> **EXERCISE GOAL**
Only the lines from the one containing "SPUDZ Classic |" to the end of the data should be copied, exactly and without pictures.
(INFORMATION begins)
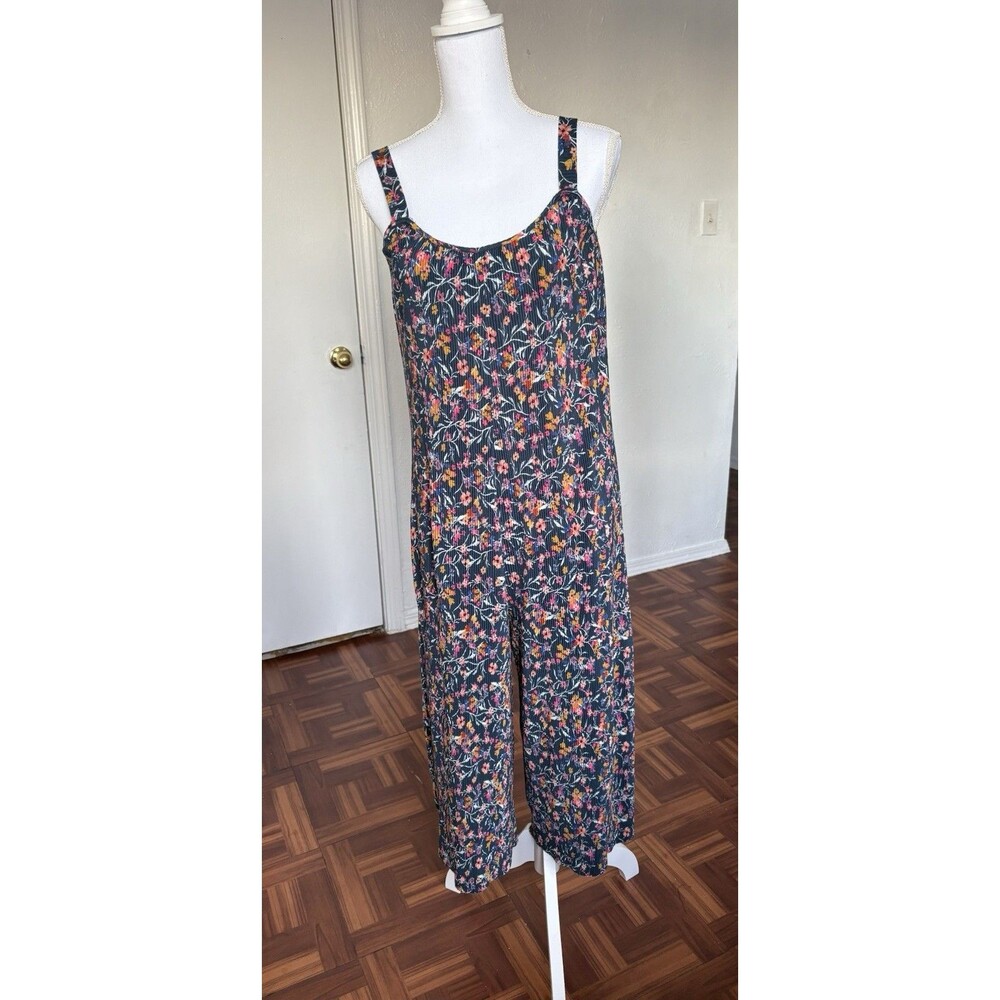 Wild Fable Women's Navy Multicolor Floral Print Wide Leg Jumpsuit Size Medium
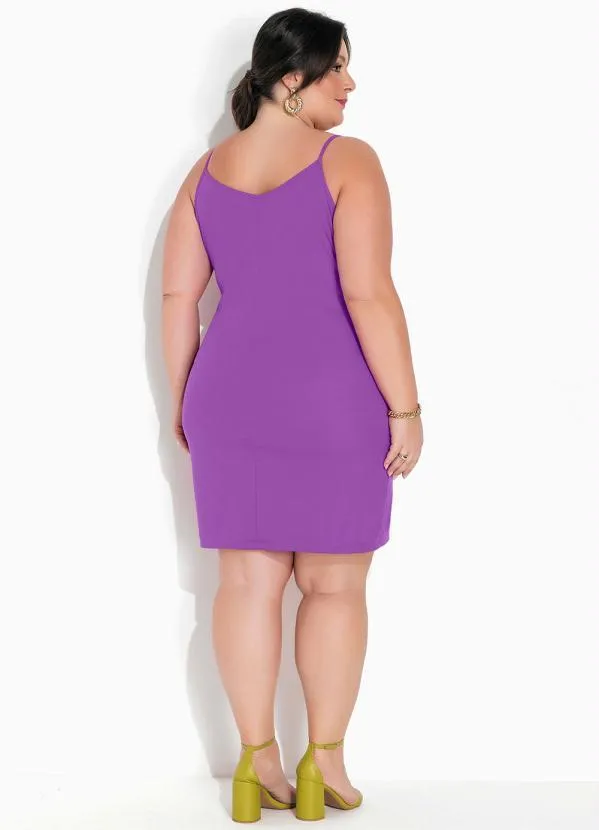Marguerite - Vestido Violeta com Alcinhas Plus Size 4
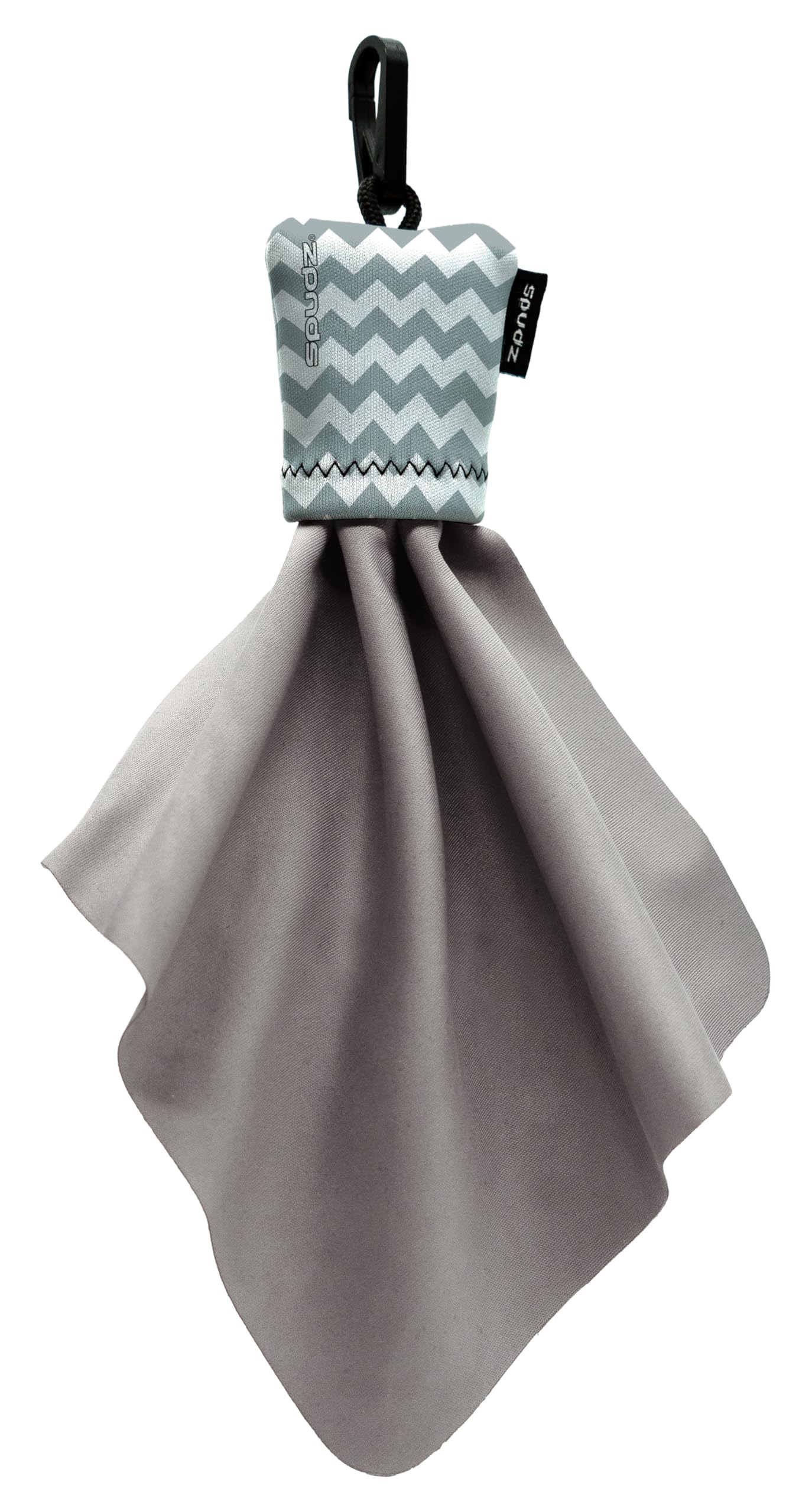SPUDZ Classic | Microfiber Cloth Screen Cleaner and Lens Cleaner | Open Bottom | Gray Chevron | 6 x 6 Inches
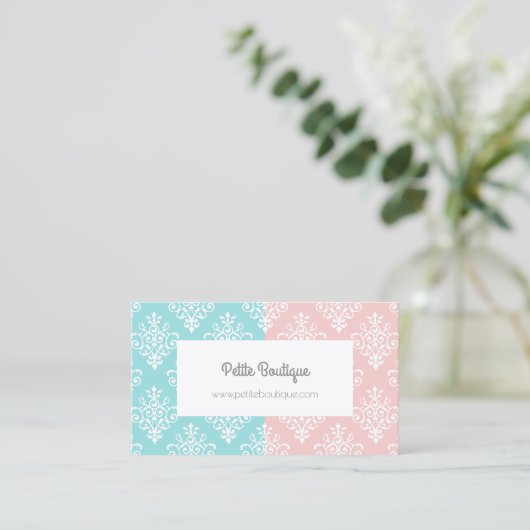 Sweet Pastel Roze en Blauw Damask Boutique Visitekaartje (Staand voorkant)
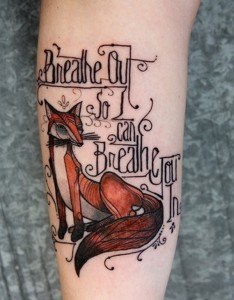 tatouage renard avant bras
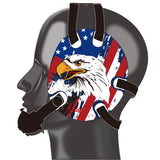 Wrestling headgear with USA and Eagles Flag delcas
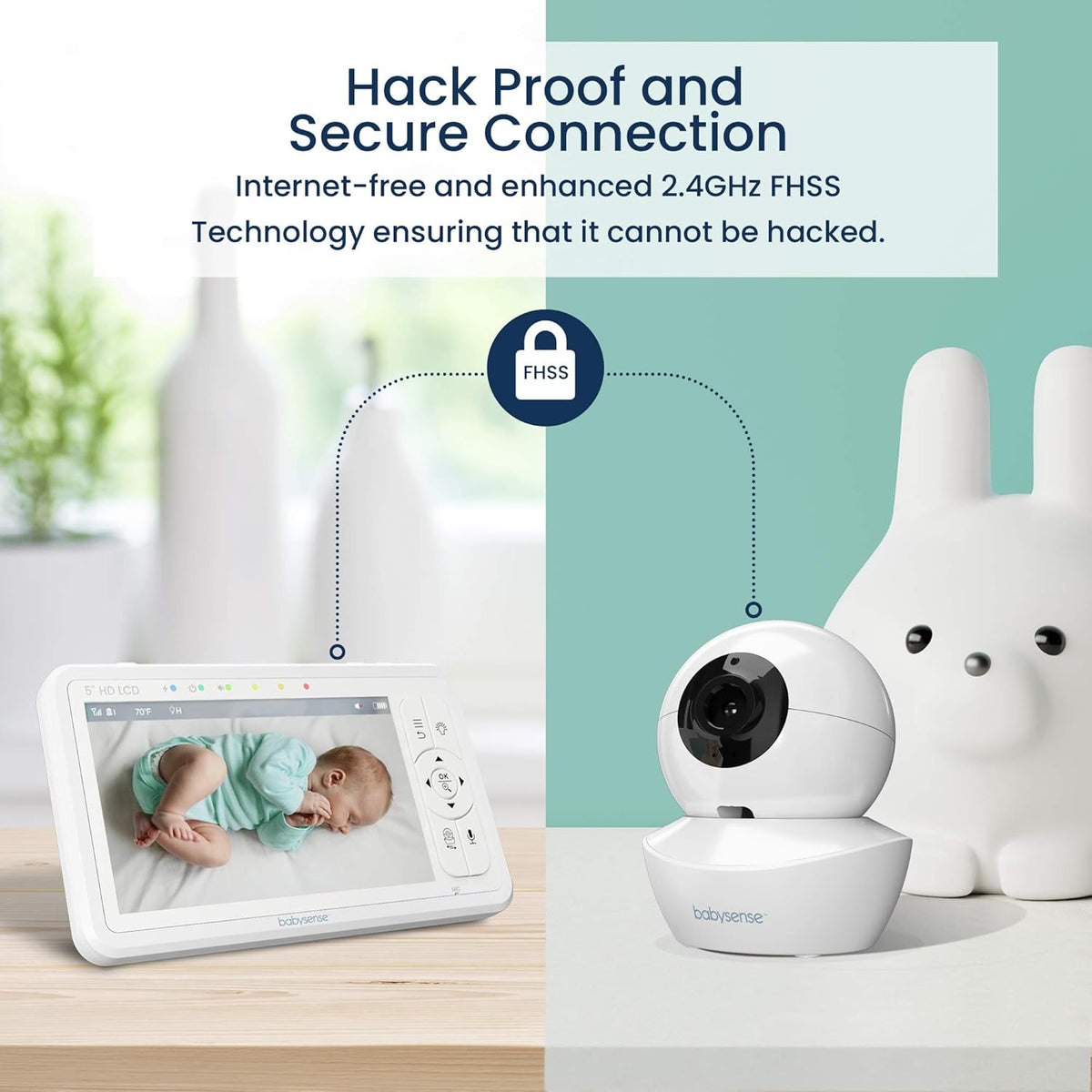 5 HD Split-Screen Baby Monitor with 2 Cameras Z47025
(INFORMATION ends)
> **RESPONSE**
SPUDZ Classic | Microfiber Cloth Screen Cleaner and Lens Cleaner | Open Bottom | Gray Chevron | 6 x 6 Inches
 Sweet Pastel Roze en Blauw Damask Boutique Visitekaartje (Staand voorkant)
 tatouage renard avant bras
 Wrestling headgear with USA and Eagles Flag delcas
 5 HD Split-Screen Baby Monitor with 2 Cameras Z47025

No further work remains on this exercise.